INTROSPECTION ON DEATH & FEAR

I don’t fear death. I embrace it. This does not make me brave, in fact in many ways I think that it makes me a more cowardly man emotionally and spiritually.

I cannot say that I have ever closely encountered a near-death experience other than consistent thoughts of suicide or some sort of action towards those thoughts. So, I guess that for me I view death at this point as a purely abstract concept. The closest I’ve ever been to actually dying was probably motorcycling around Bali many years ago, and that was totally by accident.

I cannot exactly pinpoint why I don’t fear death. I’ve thought about it a lot, and I suppose I have some theories as to why. For a lot of people, it’s probably their biggest fear. But I deeply fear a great number of things that many people would consider low on their respective lists of what they are afraid of.

I fear greatly that the visions I have are nothing more than delusions of grandeur built on hubris. I fear letting down the great entrepreneurs and artists who have come before me, all of whom I have never met.
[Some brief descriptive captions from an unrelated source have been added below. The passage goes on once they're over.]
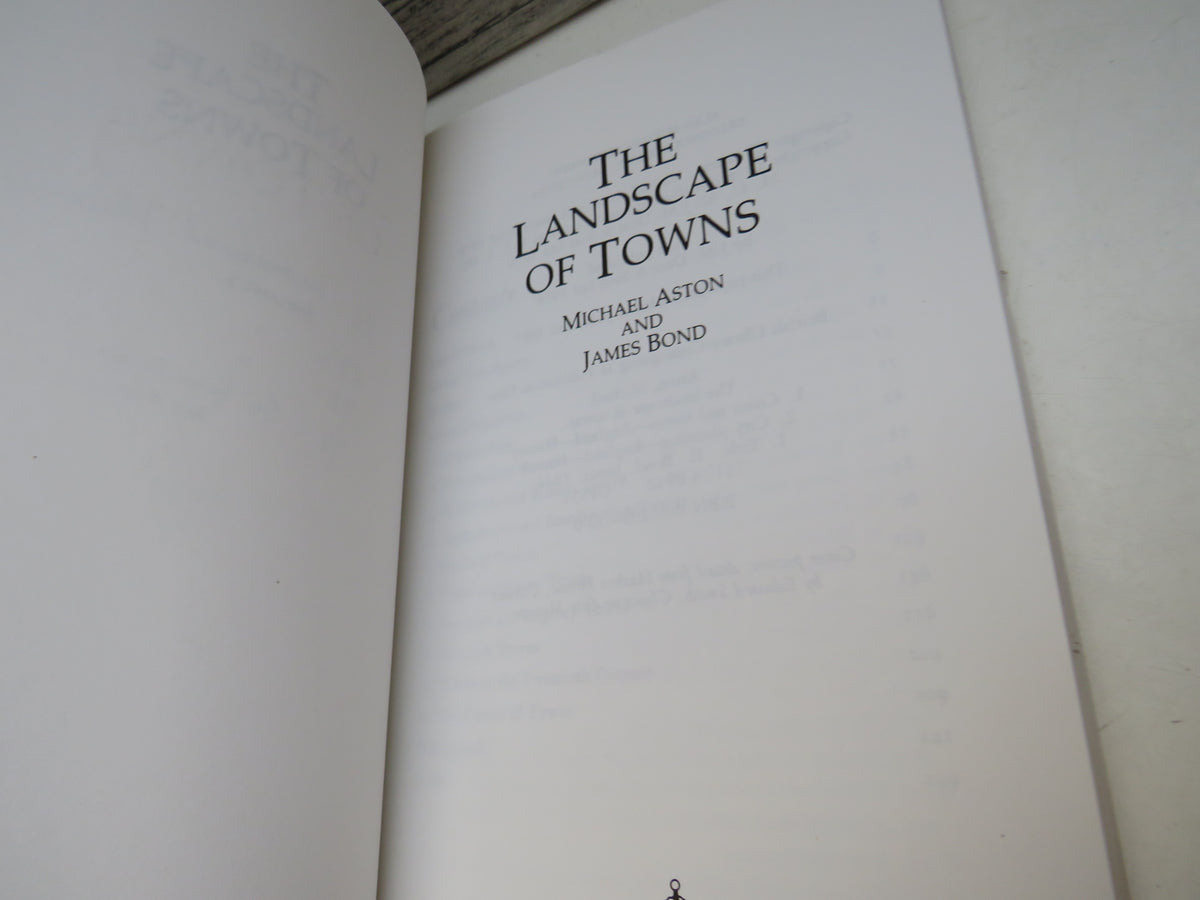 The Landscape of Towns By Michael Aston and James Bond 1987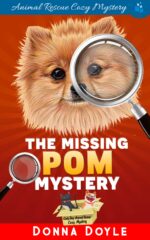 The Missing Pom Mystery Bay Animal Rescue Cozy Mystery Book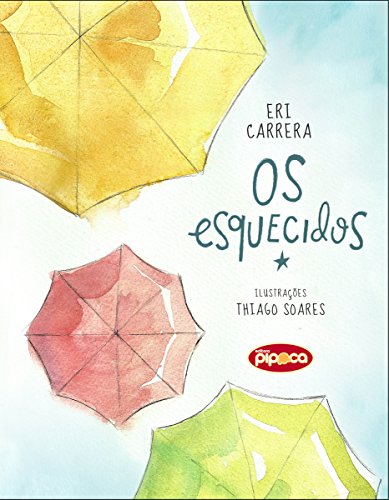 Os esquecidos (Portuguese Edition)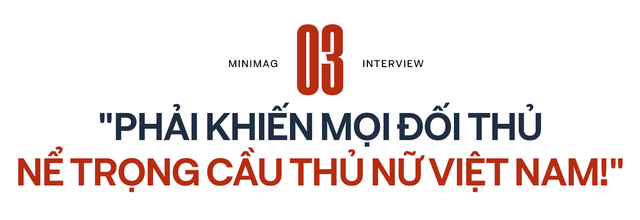 HLV Mai Đức Chung: &quot;Nếu Việt Nam vào đến bán kết, chung kết, phương án Huỳnh Như về đá sẽ được tính đến&quot; - Ảnh 8.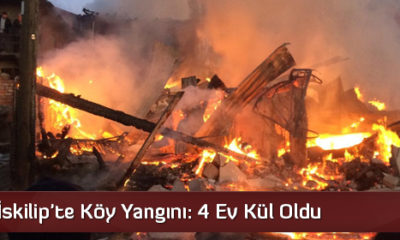 İskilip’te Köy Yangını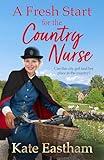 A Fresh Start for the Country Nurse: Start a BRAND NEW heartwarming saga series from Kate Eastham for 2025 (Diary of a Country Nurse)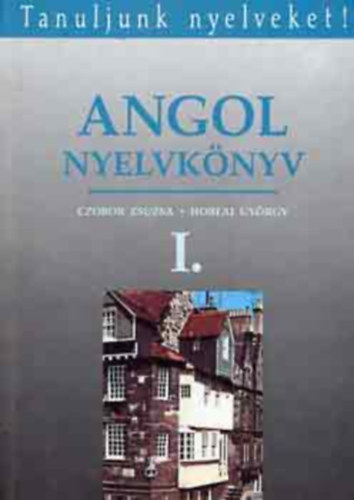 Czobor Zsuzsa-Horlai Gyrgy - Angol nyelvknyv I. (Tanuljunk nyelveket!)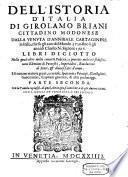 Dell' istoria d'Italia, ... dalla Venuta d'Annibale Cartaginese in Italia, che fu gli anni del mondo 3750. fino à gli anni di Christo N. Signore 1527 ...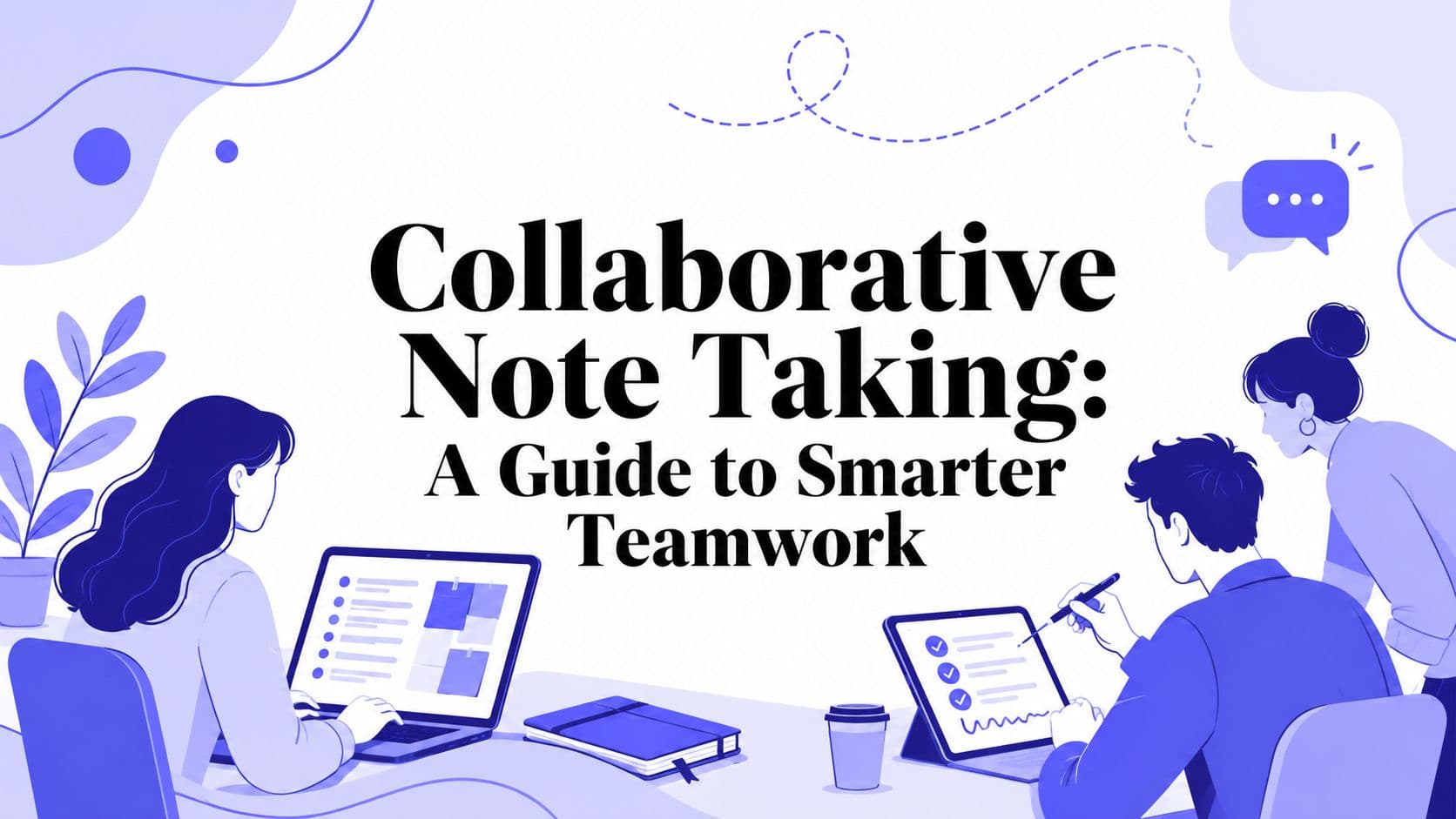 Collaborative Note Taking: A Guide to Smarter Teamwork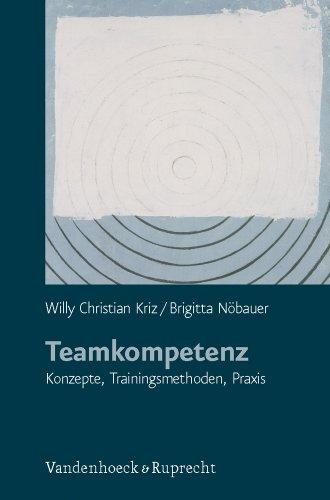 Teamkompetenz. Konzepte, Trainingsmethoden, Praxis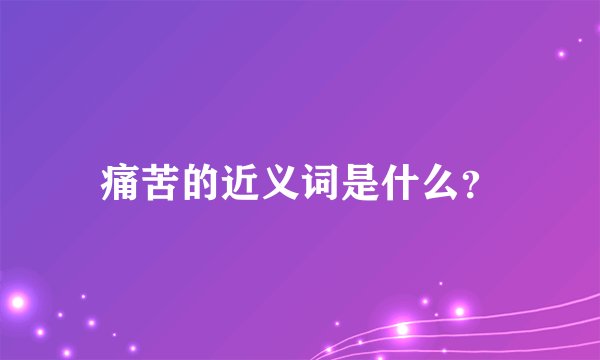 痛苦的近义词是什么？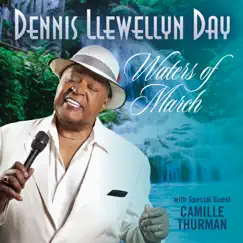 Waters of March - Single by Dennis Llewellyn Day & Camille Thurman album reviews, ratings, credits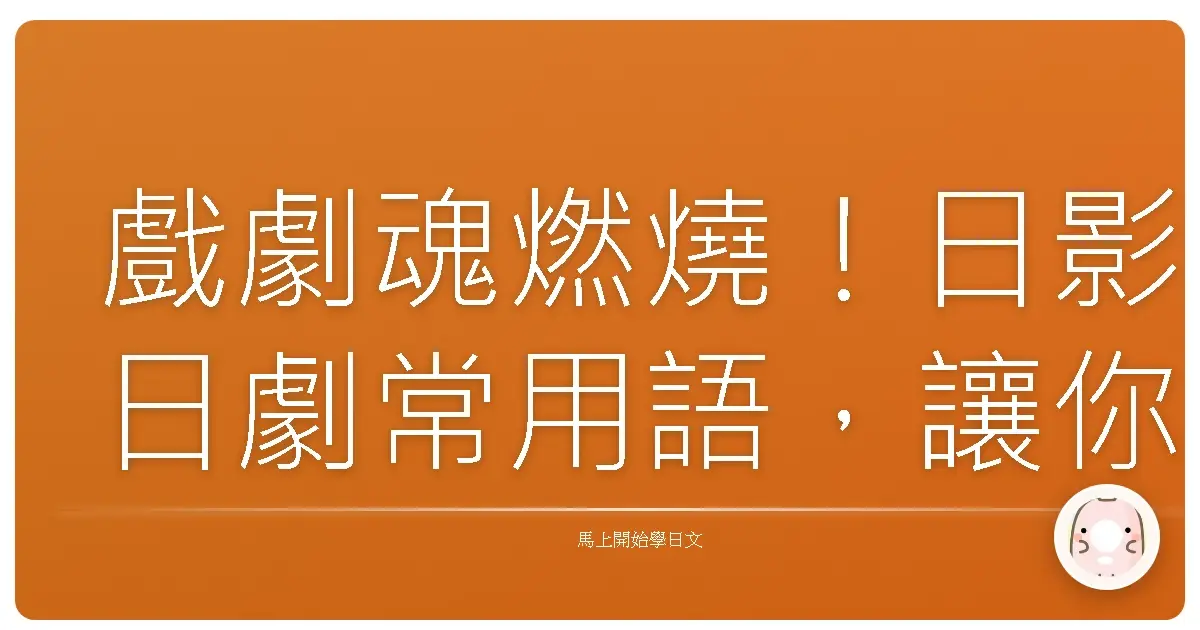 戲劇魂燃燒！日影日劇常用語，讓你一秒入戲，台日交流零距離！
I fear that my thinking of them figuratively ‘passing the baton’ to me, to build upon their extraordinary work, are just the thoughts of a kid who is thinking way out of his league.

Most of all, I fear not giving everything I possibly can to the aforementioned visions. Everyday, I fear wasting the opportunities I’ve created and and the belief that some people have in me by not working as hard as I possibly can. I fear that, in whatever life I have left in me, that I am not spending every waking moment towards fulfilling God’s mission. I fear that I will not be able to fully realise the visions because of a lack of action., not because of a lack of intent or drive. I fear not living whatever time I have left here to fullest.

But death, I don’t fear. I welcome it. I personally think that there are a great many more things to fear than dying. Maybe it’s some mental disorder. Maybe it’s because of all of the literature I’ve read. Maybe it’s some sort of spiritual path or awakening I’ve undergone throughout my existence.

Or maybe, I’m just a weird dude who thinks strange thoughts. As Mark Twain once put it: “I do not fear death. I had been dead for billions and billions of years before I was born, and had not suffered the slightest inconvenience from it.”